▶ _Task goal_:
With every picture left out, give the data below back exactly.

▶ _Stored data_:
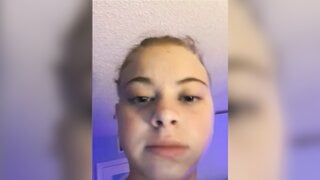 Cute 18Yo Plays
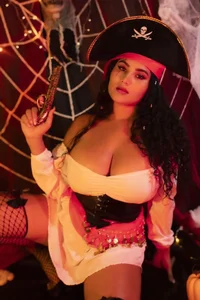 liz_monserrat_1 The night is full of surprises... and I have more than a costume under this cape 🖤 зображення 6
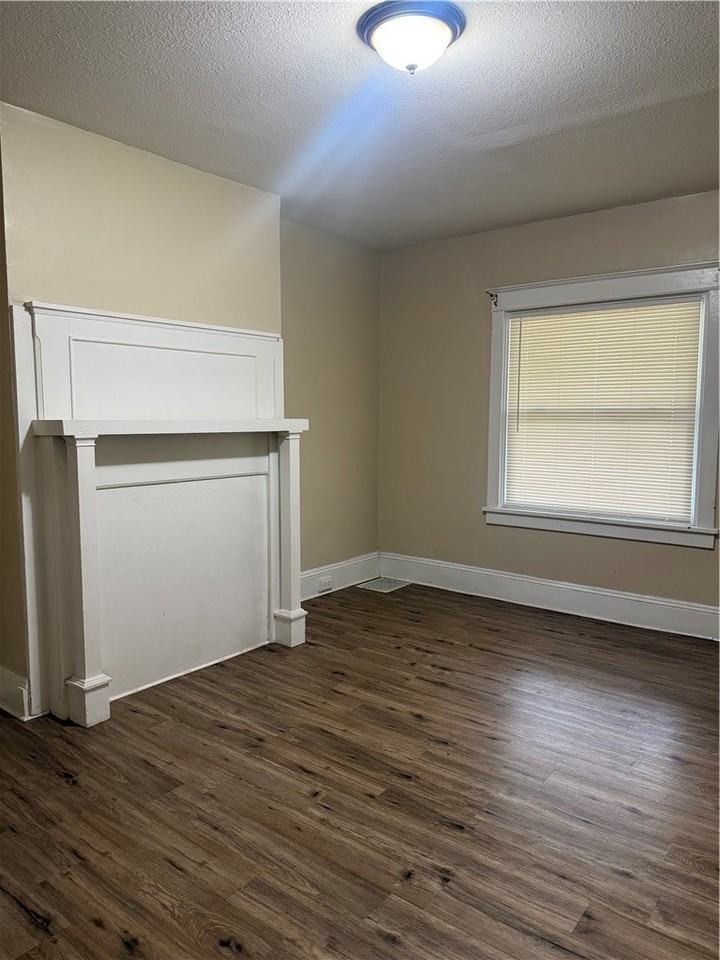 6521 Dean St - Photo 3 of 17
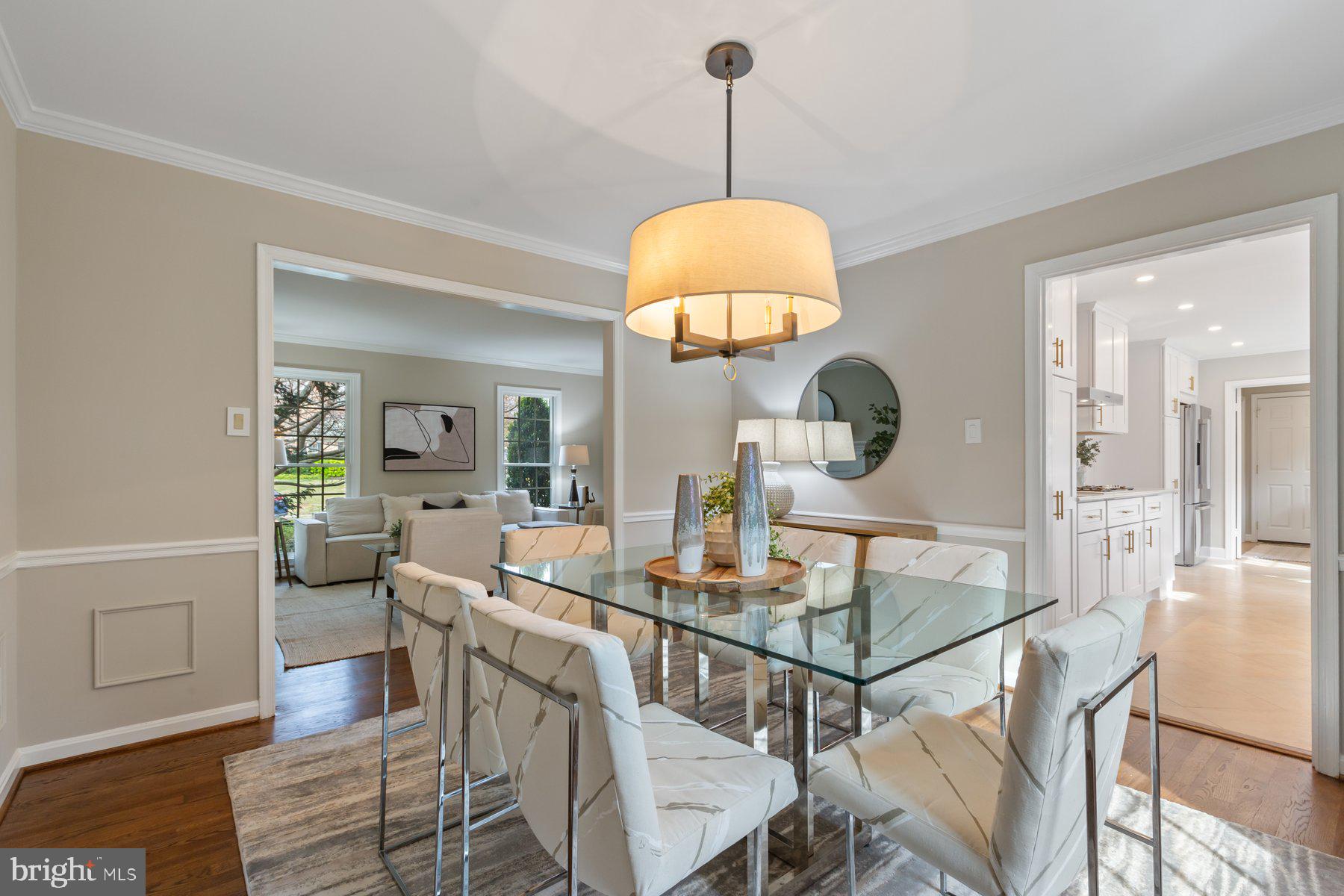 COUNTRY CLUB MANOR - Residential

▶ _Task answer_:
 Cute 18Yo Plays
 liz_monserrat_1 The night is full of surprises... and I have more than a costume under this cape 🖤 зображення 6
 6521 Dean St - Photo 3 of 17
 COUNTRY CLUB MANOR - Residential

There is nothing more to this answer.